The TFIDF Retriever is an agent that constructs a TF-IDF matrix for all entries in a given task. It generates responses via returning the highest-scoring documents for a query. It uses a SQLite database for storing the sparse tfidf matrix, adapted from here.

Basic Examples¶

Construct a TFIDF matrix for use in retrieval for the personachat task

parlai train_model -m tfidf_retriever -t personachat -mf /tmp/personachat_tfidf -dt train:ordered -eps 1

After construction, load and evaluate that model on the Persona-Chat test set.
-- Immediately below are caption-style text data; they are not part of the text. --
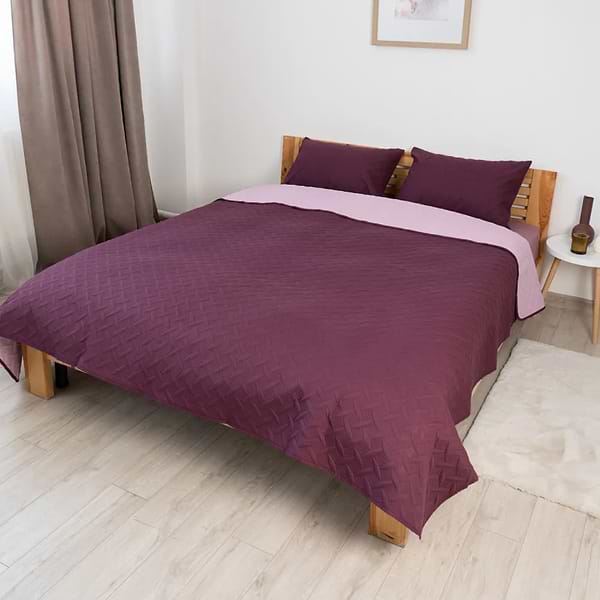 Фото - Набор покрывало + наволочки полуторный ТЕП Vintage 150х210 Бордовый/Винтаж (4-00507_18084) Фото - Набор покрывало + наволочки полуторный ТЕП Vintage 150х210 Бордовый/Винтаж (4-00507_18084)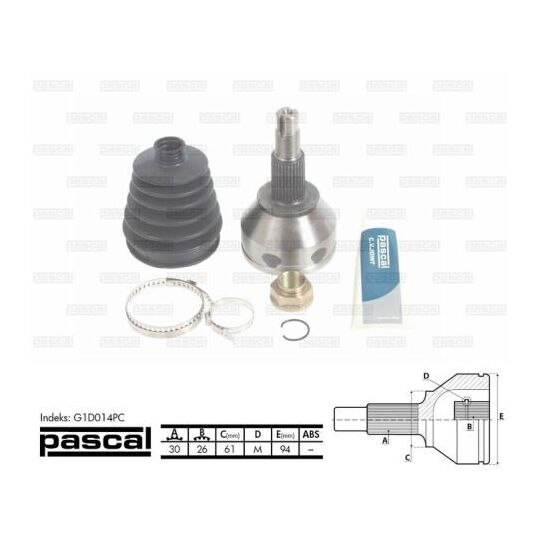G1D014PC - Joint Kit, drive shaft 
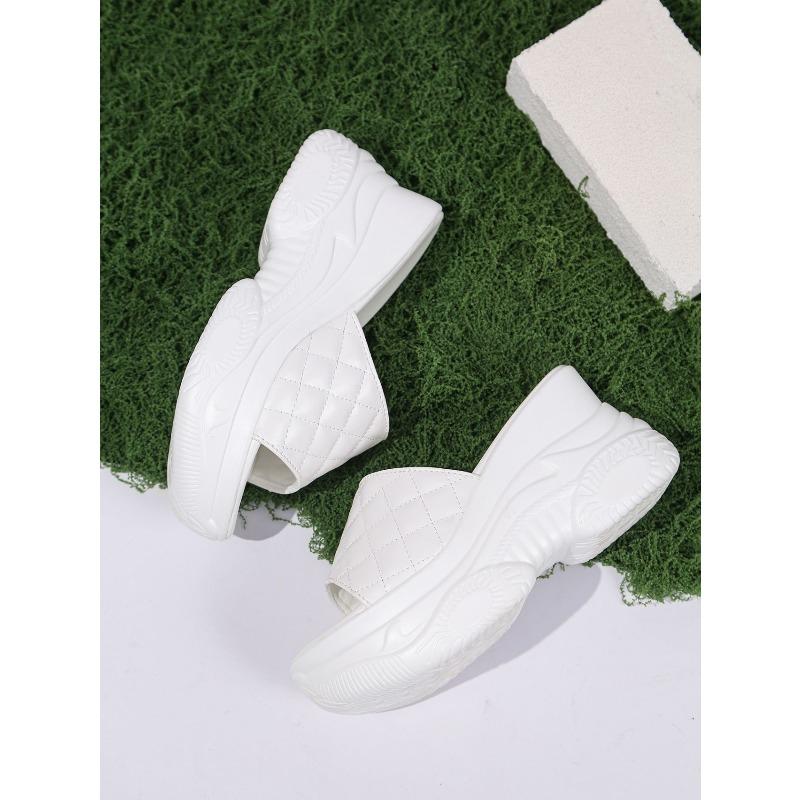 New Thick-soled Slip-on Sandals, Beach Women's Shoes, Round Toe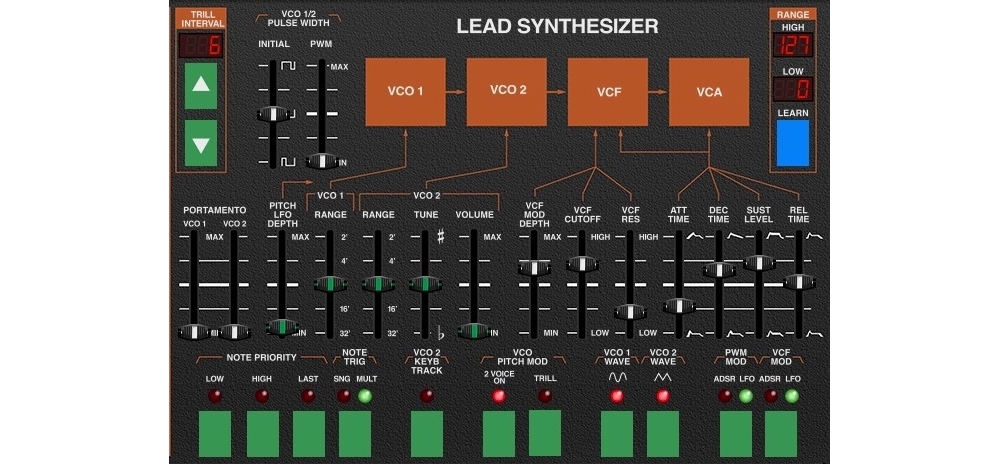 CHERRY AUDIO QUADRA - Lead Synthesizer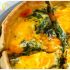 Quiche de queso y espinaca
parlai eval_model -t personachat -mf /tmp/personachat_tfidf -dt test

Alternatively, interact with a Wikipedia-based TFIDF model from the model zoo

parlai interactive -mf zoo:wikipedia_full/tfidf_retriever/model

TfidfRetrieverAgent Options¶

Retriever Arguments

Argument	Description
`--retriever-numworkers`	Number of CPU processes (for tokenizing, etc)
`--retriever-ngram`	Use up to N-size n-grams (e.g. 2 = unigrams + bigrams) Default: `2`.
`--retriever-hashsize`	Number of buckets to use for hashing ngrams Default: `16777216`.
`--retriever-tokenizer`	String option specifying tokenizer type to use. Default: `simple`.
`--retriever-num-retrieved`	How many docs to retrieve. Default: `5`.
`--remove-title`	Whether to remove the title from the retrieved passage Default: `False`.
`--retriever-mode`	Whether to retrieve the stored key or the stored value. For example, if you want to return the text of an example, use keys here; if you want to return the label, use values here. Choices: `keys`, `values`. Default: `values`.
`--index-by-int-id`	Whether to index into database by doc id as an integer. This defaults to true for DBs built using ParlAI. Default: `True`.
`--tfidf-context-length`	Number of past utterances to remember when building flattened batches of data in multi-example episodes. Default: `-1`.
`--tfidf-include-labels`	Specifies whether or not to include labels as past utterances when building flattened batches of data in multi-example episodes. Default: `True`.